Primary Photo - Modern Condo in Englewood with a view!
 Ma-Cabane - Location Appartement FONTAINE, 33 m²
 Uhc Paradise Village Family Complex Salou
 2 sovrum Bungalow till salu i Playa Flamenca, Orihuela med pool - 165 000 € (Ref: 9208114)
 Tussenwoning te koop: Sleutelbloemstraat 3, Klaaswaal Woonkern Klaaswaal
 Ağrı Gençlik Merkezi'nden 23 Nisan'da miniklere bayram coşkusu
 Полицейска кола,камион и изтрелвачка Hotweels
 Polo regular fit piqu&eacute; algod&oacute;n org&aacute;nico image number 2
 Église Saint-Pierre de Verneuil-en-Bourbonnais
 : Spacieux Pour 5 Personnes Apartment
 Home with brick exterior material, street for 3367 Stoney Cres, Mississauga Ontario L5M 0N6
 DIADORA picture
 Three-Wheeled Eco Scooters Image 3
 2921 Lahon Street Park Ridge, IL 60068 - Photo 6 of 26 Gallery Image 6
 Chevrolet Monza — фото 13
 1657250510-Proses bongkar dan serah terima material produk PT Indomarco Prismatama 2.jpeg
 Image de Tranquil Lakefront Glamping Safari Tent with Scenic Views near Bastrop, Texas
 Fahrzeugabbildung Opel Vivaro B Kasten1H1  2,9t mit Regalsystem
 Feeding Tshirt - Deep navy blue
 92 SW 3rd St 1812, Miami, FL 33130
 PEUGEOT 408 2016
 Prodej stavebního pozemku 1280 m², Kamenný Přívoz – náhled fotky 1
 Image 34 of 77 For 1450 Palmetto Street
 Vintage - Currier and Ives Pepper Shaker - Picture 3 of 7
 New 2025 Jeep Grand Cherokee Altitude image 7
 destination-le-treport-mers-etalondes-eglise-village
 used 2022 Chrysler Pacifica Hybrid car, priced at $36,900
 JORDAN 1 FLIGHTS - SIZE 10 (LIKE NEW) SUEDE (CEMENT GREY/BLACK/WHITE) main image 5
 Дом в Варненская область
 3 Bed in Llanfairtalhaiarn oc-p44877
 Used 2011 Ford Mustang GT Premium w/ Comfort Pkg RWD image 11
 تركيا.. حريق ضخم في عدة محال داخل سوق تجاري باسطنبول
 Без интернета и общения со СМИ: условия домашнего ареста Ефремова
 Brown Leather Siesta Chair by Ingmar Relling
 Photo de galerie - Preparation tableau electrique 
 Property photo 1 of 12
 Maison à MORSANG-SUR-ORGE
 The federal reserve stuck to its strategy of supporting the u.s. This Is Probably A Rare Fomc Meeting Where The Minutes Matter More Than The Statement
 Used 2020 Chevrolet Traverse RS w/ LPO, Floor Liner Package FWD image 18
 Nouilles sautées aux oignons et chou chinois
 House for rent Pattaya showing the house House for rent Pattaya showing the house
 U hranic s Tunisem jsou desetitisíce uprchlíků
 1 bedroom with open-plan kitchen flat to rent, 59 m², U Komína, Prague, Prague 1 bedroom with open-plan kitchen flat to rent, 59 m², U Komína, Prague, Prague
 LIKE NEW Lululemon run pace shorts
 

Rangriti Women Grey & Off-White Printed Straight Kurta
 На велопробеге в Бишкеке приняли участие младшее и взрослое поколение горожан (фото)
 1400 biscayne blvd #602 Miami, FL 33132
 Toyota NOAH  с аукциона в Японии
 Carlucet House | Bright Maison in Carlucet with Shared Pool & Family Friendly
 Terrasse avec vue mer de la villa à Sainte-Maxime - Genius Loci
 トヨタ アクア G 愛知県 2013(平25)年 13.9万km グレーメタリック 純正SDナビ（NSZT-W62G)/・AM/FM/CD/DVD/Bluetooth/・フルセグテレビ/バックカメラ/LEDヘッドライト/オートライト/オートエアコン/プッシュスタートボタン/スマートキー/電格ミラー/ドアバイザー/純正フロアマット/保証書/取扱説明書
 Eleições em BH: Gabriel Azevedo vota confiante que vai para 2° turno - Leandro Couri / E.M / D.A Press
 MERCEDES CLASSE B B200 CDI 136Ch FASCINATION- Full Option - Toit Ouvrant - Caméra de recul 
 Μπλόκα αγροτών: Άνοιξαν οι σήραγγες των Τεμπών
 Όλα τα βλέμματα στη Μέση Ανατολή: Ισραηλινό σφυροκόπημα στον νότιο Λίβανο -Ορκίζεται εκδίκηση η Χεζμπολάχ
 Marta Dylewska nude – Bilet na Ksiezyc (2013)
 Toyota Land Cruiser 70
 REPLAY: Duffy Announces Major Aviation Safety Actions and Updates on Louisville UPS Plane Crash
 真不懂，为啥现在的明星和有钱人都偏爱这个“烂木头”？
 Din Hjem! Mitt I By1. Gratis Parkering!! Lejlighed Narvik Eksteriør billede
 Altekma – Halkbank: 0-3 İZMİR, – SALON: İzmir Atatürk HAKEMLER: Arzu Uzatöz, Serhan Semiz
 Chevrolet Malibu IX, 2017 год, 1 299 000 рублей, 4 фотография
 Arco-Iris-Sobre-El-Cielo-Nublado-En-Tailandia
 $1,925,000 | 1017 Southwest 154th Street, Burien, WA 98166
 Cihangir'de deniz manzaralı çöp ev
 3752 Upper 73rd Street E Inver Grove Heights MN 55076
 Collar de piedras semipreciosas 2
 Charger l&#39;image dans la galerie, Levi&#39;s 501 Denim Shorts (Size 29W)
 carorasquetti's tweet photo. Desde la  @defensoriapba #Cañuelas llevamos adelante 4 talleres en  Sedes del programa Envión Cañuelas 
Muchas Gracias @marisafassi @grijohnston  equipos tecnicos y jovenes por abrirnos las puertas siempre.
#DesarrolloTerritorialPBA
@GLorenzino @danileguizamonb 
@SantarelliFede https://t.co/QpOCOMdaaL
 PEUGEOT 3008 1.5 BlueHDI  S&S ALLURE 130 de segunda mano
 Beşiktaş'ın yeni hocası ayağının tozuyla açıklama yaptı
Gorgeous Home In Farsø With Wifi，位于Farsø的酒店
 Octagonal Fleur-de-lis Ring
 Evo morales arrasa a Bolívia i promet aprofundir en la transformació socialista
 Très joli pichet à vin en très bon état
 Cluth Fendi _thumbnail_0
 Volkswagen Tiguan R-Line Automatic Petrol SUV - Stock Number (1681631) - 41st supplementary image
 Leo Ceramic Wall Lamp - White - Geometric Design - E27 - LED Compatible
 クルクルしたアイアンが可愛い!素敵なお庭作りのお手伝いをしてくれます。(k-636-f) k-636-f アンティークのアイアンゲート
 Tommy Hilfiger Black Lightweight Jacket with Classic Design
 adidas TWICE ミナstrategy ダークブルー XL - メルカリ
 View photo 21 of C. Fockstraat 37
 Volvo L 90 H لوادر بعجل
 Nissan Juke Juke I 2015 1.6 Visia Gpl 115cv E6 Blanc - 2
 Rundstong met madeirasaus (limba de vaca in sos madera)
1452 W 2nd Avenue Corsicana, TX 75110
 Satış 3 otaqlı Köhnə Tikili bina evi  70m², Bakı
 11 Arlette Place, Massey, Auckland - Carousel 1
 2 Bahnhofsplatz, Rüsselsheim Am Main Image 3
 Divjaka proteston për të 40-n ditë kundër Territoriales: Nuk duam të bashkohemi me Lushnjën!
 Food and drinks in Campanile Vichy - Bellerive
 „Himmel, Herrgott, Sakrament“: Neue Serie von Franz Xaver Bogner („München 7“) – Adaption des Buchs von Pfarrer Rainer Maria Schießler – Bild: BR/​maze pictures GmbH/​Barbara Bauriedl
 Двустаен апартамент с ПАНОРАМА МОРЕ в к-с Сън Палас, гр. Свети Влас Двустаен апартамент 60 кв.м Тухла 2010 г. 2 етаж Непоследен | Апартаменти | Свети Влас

- [ASSIGNED TASK]
Only the lines above from the one with "JORDAN 1 FLIGHTS" up to and including the one with "Photo de galerie" should be repeated, exactly as written.

- [WRITTEN REPLY]
 JORDAN 1 FLIGHTS - SIZE 10 (LIKE NEW) SUEDE (CEMENT GREY/BLACK/WHITE) main image 5
 Дом в Варненская область
 3 Bed in Llanfairtalhaiarn oc-p44877
 Used 2011 Ford Mustang GT Premium w/ Comfort Pkg RWD image 11
 تركيا.. حريق ضخم في عدة محال داخل سوق تجاري باسطنبول
 Без интернета и общения со СМИ: условия домашнего ареста Ефремова
 Brown Leather Siesta Chair by Ingmar Relling
 Photo de galerie - Preparation tableau electrique 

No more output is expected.